▸ **YOUR ASSIGNMENT**: The reply should hold every line of the data below, unchanged, and none of the pictures.

▸ **DATA SECTION**:
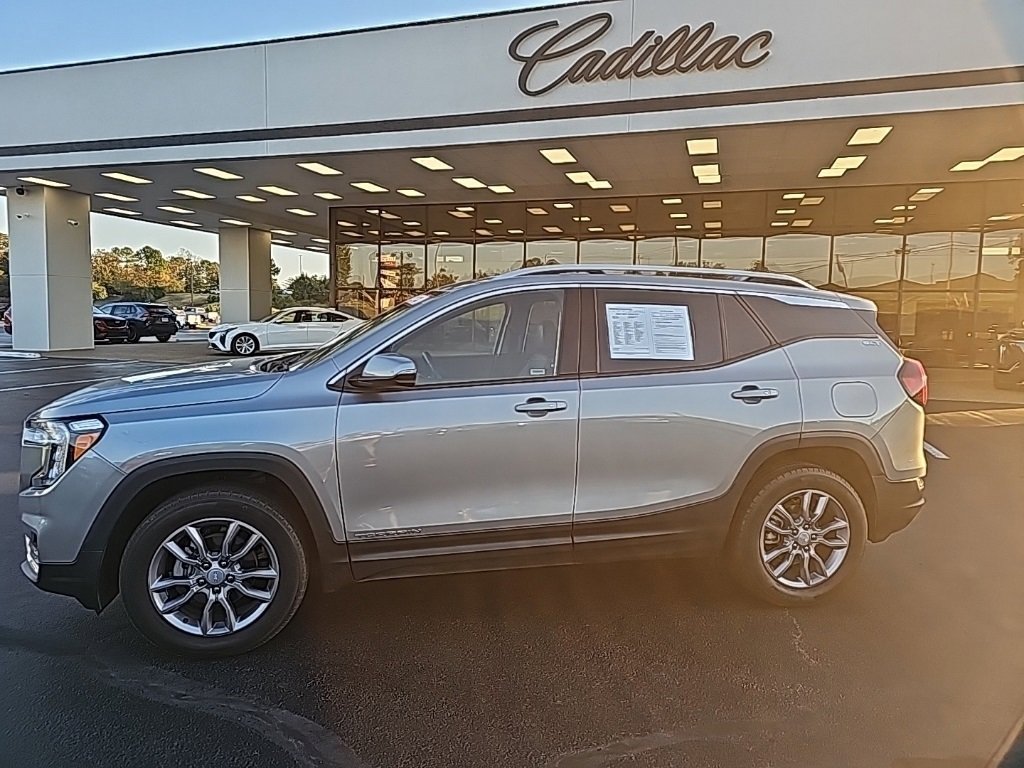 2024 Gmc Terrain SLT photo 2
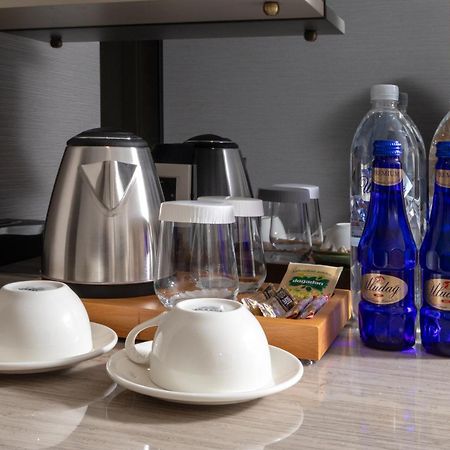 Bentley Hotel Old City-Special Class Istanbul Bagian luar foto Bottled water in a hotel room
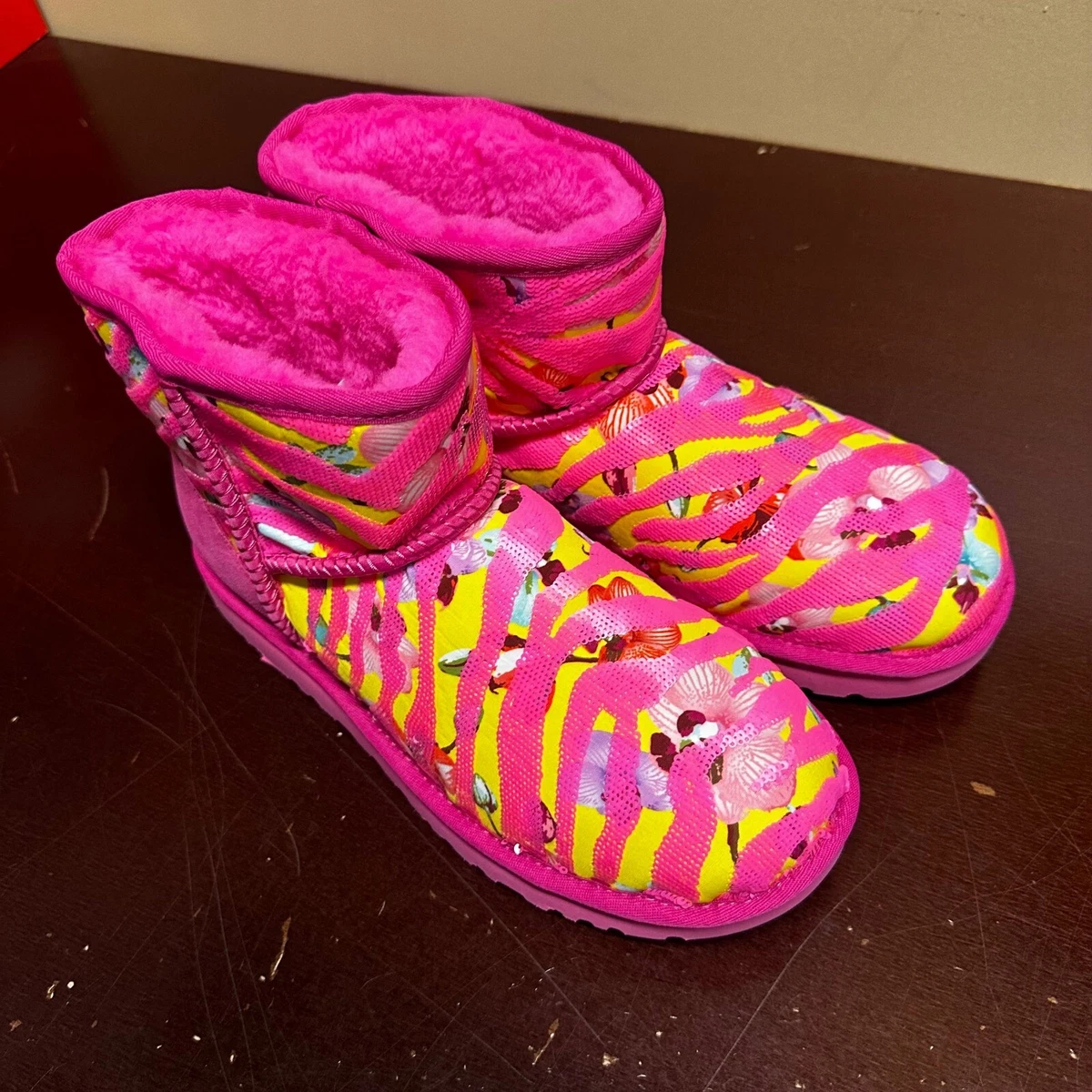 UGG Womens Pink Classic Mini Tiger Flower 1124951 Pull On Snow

▸ **TASK SOLUTION**:
 2024 Gmc Terrain SLT photo 2
 Bentley Hotel Old City-Special Class Istanbul Bagian luar foto Bottled water in a hotel room
 UGG Womens Pink Classic Mini Tiger Flower 1124951 Pull On Snow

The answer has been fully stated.